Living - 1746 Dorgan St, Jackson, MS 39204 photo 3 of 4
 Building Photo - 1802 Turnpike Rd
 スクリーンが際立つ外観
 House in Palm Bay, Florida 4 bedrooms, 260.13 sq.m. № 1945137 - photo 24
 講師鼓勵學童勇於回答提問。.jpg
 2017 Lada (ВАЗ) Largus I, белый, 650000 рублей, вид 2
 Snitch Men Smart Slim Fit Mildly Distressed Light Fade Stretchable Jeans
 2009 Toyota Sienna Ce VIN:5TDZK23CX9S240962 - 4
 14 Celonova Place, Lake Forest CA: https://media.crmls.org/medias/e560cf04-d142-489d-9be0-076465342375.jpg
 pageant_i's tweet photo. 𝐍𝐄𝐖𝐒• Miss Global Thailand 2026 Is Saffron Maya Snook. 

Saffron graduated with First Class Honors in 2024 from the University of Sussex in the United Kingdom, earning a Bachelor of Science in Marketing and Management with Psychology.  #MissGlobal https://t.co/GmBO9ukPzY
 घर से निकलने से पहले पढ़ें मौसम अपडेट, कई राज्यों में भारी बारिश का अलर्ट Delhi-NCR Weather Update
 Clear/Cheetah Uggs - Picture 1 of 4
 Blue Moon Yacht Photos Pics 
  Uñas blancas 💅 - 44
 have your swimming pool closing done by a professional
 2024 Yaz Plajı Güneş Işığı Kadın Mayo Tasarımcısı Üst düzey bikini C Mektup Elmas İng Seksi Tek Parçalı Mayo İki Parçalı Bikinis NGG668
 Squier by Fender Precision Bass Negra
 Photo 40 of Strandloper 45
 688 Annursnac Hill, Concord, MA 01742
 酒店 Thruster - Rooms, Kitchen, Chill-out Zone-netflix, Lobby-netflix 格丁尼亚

[Exercise directions] Print every line of the listing exactly.

[Answer to this problem]
Living - 1746 Dorgan St, Jackson, MS 39204 photo 3 of 4
 Building Photo - 1802 Turnpike Rd
 スクリーンが際立つ外観
 House in Palm Bay, Florida 4 bedrooms, 260.13 sq.m. № 1945137 - photo 24
 講師鼓勵學童勇於回答提問。.jpg
 2017 Lada (ВАЗ) Largus I, белый, 650000 рублей, вид 2
 Snitch Men Smart Slim Fit Mildly Distressed Light Fade Stretchable Jeans
 2009 Toyota Sienna Ce VIN:5TDZK23CX9S240962 - 4
 14 Celonova Place, Lake Forest CA: https://media.crmls.org/medias/e560cf04-d142-489d-9be0-076465342375.jpg
 pageant_i's tweet photo. 𝐍𝐄𝐖𝐒• Miss Global Thailand 2026 Is Saffron Maya Snook. 

Saffron graduated with First Class Honors in 2024 from the University of Sussex in the United Kingdom, earning a Bachelor of Science in Marketing and Management with Psychology.  #MissGlobal https://t.co/GmBO9ukPzY
 घर से निकलने से पहले पढ़ें मौसम अपडेट, कई राज्यों में भारी बारिश का अलर्ट Delhi-NCR Weather Update
 Clear/Cheetah Uggs - Picture 1 of 4
 Blue Moon Yacht Photos Pics 
  Uñas blancas 💅 - 44
 have your swimming pool closing done by a professional
 2024 Yaz Plajı Güneş Işığı Kadın Mayo Tasarımcısı Üst düzey bikini C Mektup Elmas İng Seksi Tek Parçalı Mayo İki Parçalı Bikinis NGG668
 Squier by Fender Precision Bass Negra
 Photo 40 of Strandloper 45
 688 Annursnac Hill, Concord, MA 01742
 酒店 Thruster - Rooms, Kitchen, Chill-out Zone-netflix, Lobby-netflix 格丁尼亚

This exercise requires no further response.